W fazie z warzywami, można dodać natkę pietruchy, zamiast tuńczyka można dodać makrelę, łososia lub inną rybę, albo np zmiksować z papryką czerwoną, albo ogórkiem... zależy od wyobraźni i od podniebienia, ale polecam bo pyszne.
Na obiadek było mięso obrane z pieczonych udek, polane dipem jogurt+czosnek. Pycha !!
Robiłam też kiedyś taką przekąskę faszerowaną z piersi indyka.

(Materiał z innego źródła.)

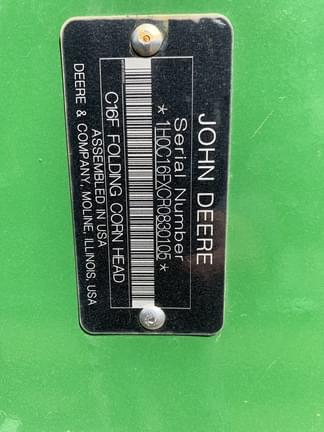 Image of John Deere C16F equipment image 1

Piers należy przeciąć prawie na pół wzdłuż, ale nie do konca, tak żeby filet rozłozyl sie na pół, następnie trzeba go ubić żeby był cieńki równo na całej powierzchni.
Szpinak (mrożonkę) trzeba poddusić żeby był miękki, czosnek, przyprawy,serek feta w kosteczkę, taki farsz rozłożyć na całym filecie i zawinąć można dodac kosteczki z papryki, albo kukurydzę, czy też czerwoną fasole (nie wiem czy można na tej diecie) zawijamy w folię alu, i do piekarnika, jak się upiecze i przestygnie kroi się na 1 cm krążki i zakąska gotowa. Fajnie smakuje z dipem czosnkowym.